Aim of the exercise.
Reproduce the full listing as it stands. Images do not belong in the copy.

Extracted entries.

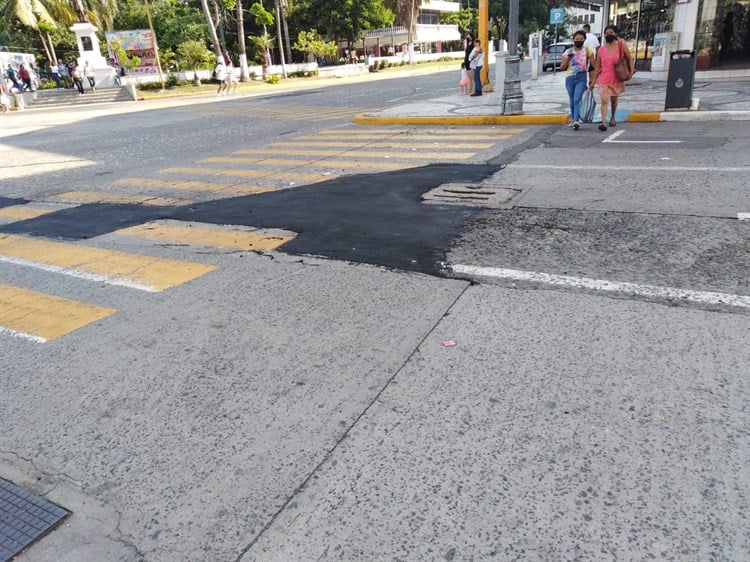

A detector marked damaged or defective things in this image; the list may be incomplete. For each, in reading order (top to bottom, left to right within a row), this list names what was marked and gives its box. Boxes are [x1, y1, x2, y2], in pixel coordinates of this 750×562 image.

fresh black asphalt patch [1, 162, 500, 276]
pothole patch [424, 183, 524, 207]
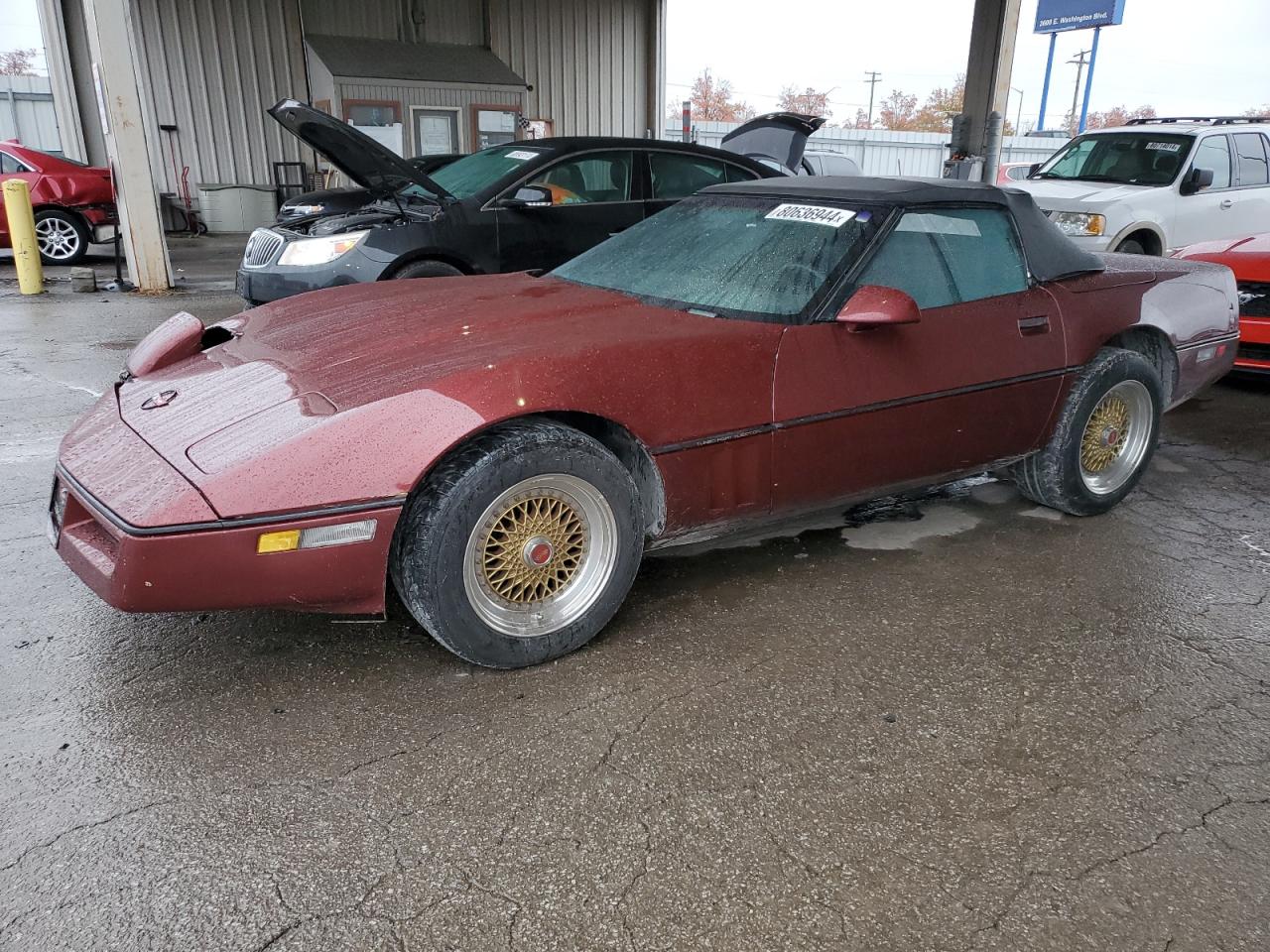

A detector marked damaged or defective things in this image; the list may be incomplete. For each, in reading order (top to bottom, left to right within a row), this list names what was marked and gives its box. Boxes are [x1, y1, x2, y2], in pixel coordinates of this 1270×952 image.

damaged hood [268, 99, 452, 200]
damaged hood [718, 113, 829, 177]
cracked asphalt [0, 266, 1262, 952]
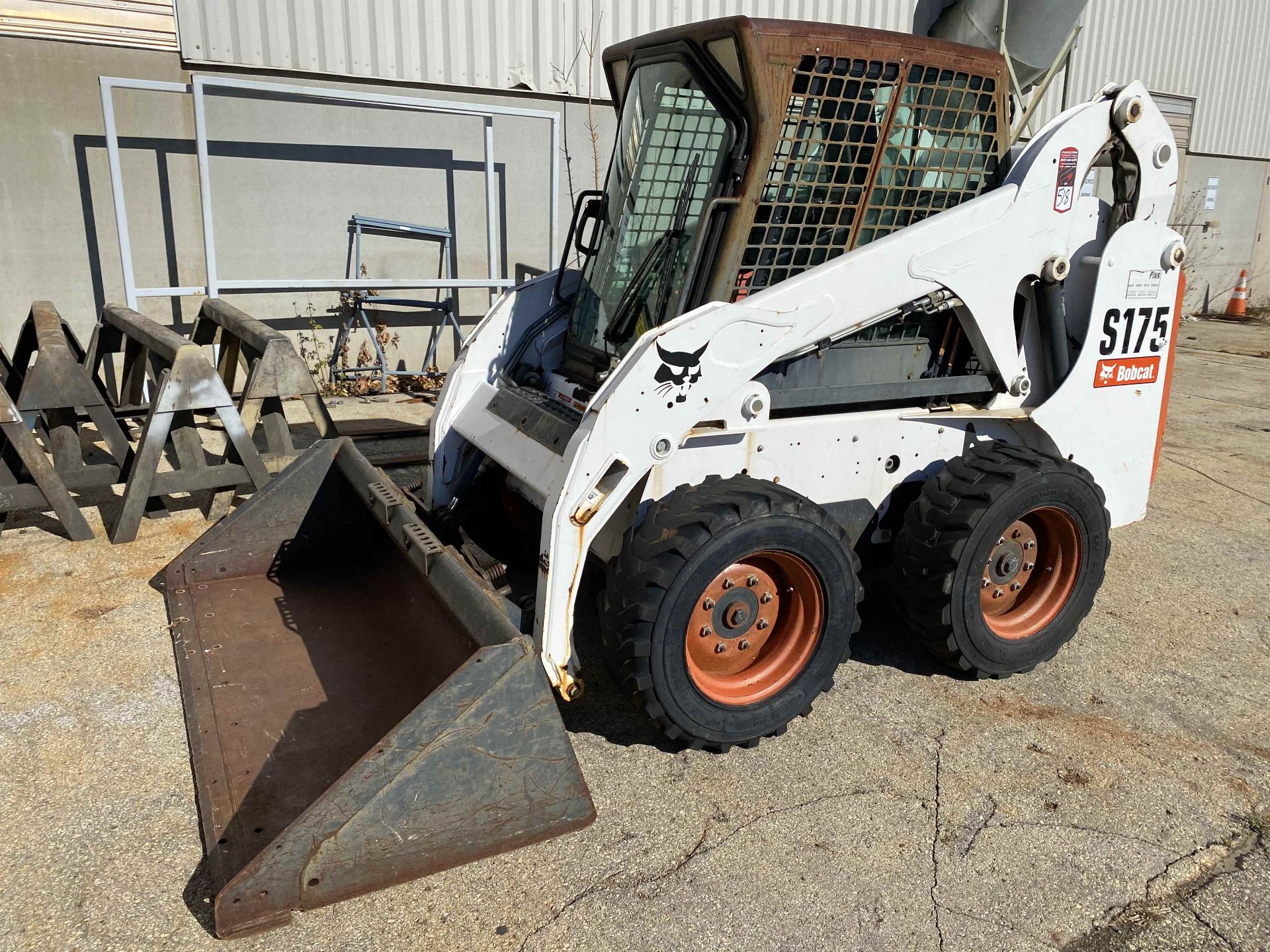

Exercise answer.
A detector marked damaged or defective things in this image; the list may be incomplete. For each, in reading order (top to bottom, left to right within a row), this list names what was marked and gives its box. Boxes are [x1, y1, x2, y2], in pixel coordinates of this 750×562 image.

fresh black asphalt patch [1, 162, 500, 276]
pothole patch [424, 183, 524, 207]

A detector marked damaged or defective things in this image; the list may be incomplete. For each, in reading order (top to bottom, left to right within a row), this list names what was marked and gives its box. Boxes are [x1, y1, x2, y2], in pixel coordinates of this 1270×952 image.

damaged hood [268, 99, 452, 200]
damaged hood [718, 113, 829, 177]
cracked asphalt [0, 266, 1262, 952]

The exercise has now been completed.